Blackmailers used online photos to create fake sex scandal

By Zhang Zihan Source:Global Times Published: 2012-12-20 1:00:05

A county government website in the Guangxi Zhuang Autonomous Region pixelated the online portraits of its leaders after several of them became targets of blackmailers who made crude, composite pictures of them engaged in sex acts.   

The obscured portraits of nine of 11 leaders of the Xingan county Bureau of Land and Resources had been online since September but were replaced this week with clearer pictures of the men after the incident made headlines.

Tang Rongjun, director of the bureau's discipline department told the Global Times that the land and resources bureau obscured the portraits to protect the officials.

"Since last year three top leaders from our bureau have received four blackmail letters, each containing fake sex photos," said Tang.

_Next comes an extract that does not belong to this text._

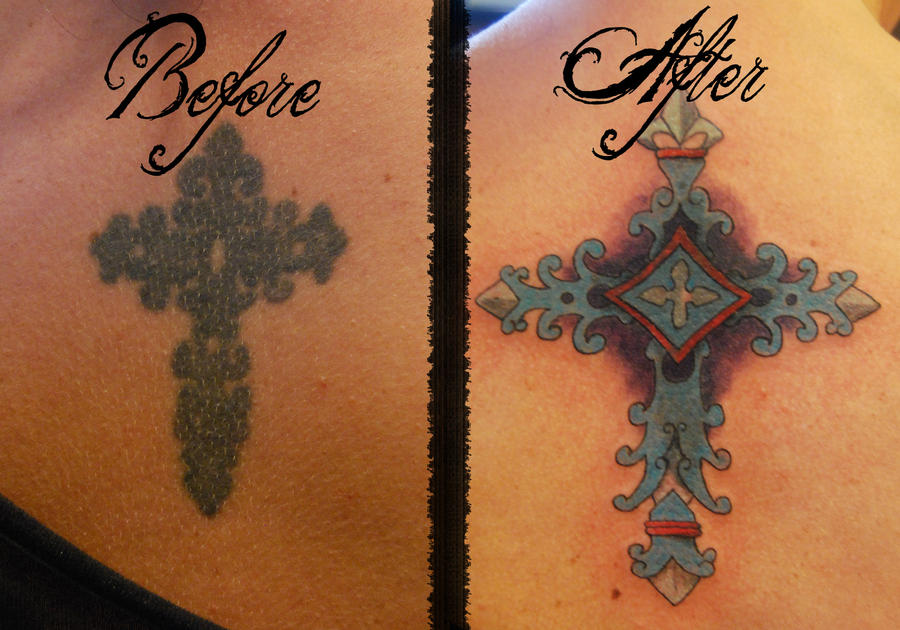 Cross Coverup Tattoo by NateTheKnife on deviantART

"The photos were terribly photoshopped. The naked bodies of people in the photos were blurred, yet their faces were very clear and are obviously the same photos that are on our website," said Tang, adding that one of the blackmail letters was even sent to the wrong official.

The blackmailers claimed they were private detectives who had acquired the "sex photos" after they were hired to conduct a corruption investigation of the official. The letters offered the officials a deal: pay 200,000 yuan ($32,100) for their silence or see the photos published.

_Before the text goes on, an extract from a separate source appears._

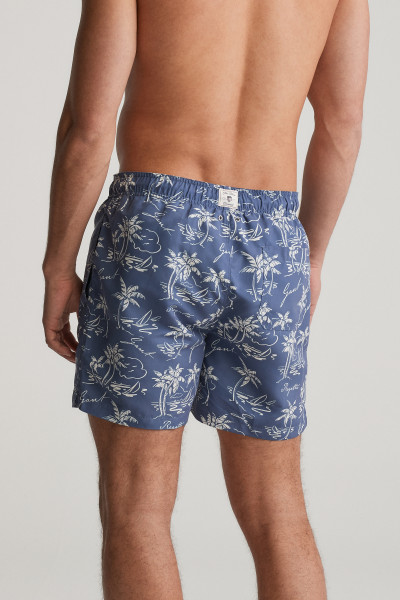 PLAVKY GANT ISLAND PRINT SWIM SHORTS - Fotografie č. 3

Tang said he has reported the blackmail attempts to the government and he has confidence in all his colleagues who were so crudely threatened. "It's such a hassle even when you know the pictures are fake." Tang never imagined that blurring the online portraits of the county officials would become national news.

"Our colleagues are all innocent and we have total confidence in them, we just wanted to make sure their photos couldn't be abused by blackmailers," said Tang.

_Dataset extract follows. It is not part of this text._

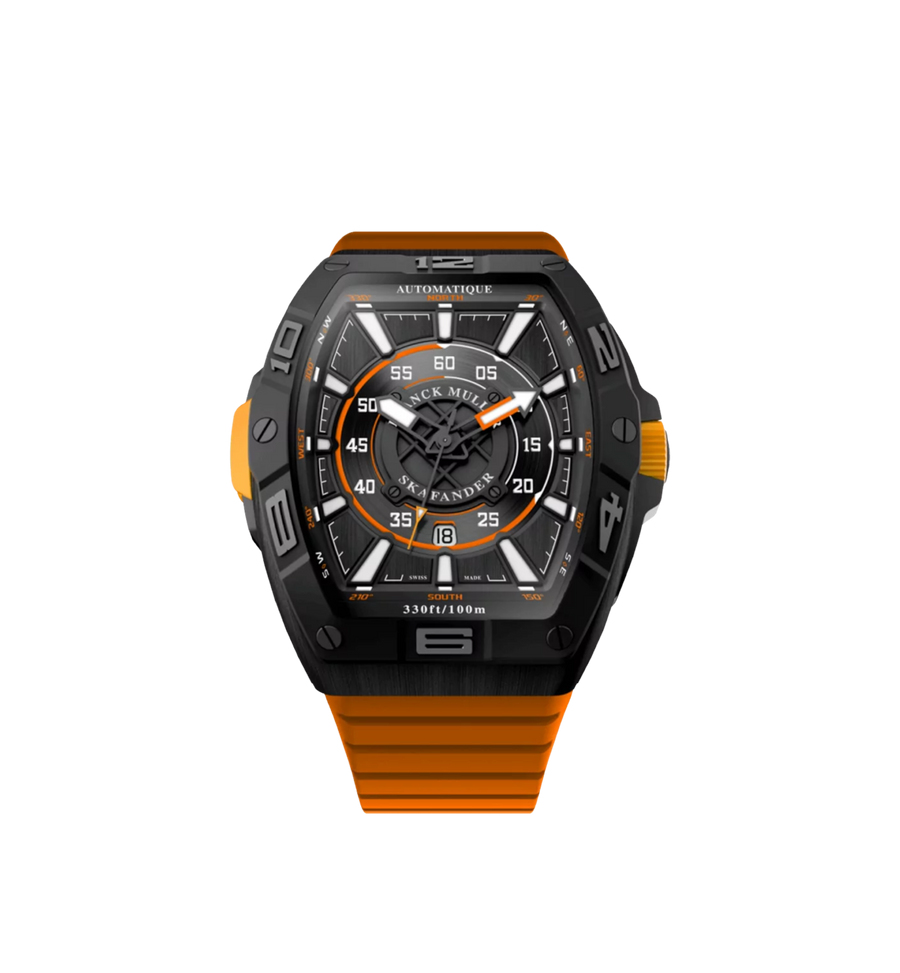 Franck Muller Skafander 43mm Titanium Orange SKT 43 SC DT TTNRBR TTNR OR N29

It is not the first time Chinese officials have been targets of blackmailers using fake sex photos, which appear to be the criminals' favorite tools.

In November a deputy director from the Beijing Administration of Work Safety reported to the media that he had been a target of blackmailers who had threatened to publish faked sex pictures unless he paid 200,000 yuan. Six top officers in Zhangjiajie, Hunan Province reported to police that they were also threatened with the same unsophisticated blackmail scheme in November, reported the Changsha-based Xiaoxiang Morning Herald said.

The Global Times contacted a Beijing-based private detective company, and was informed it could photoshop photos for clients.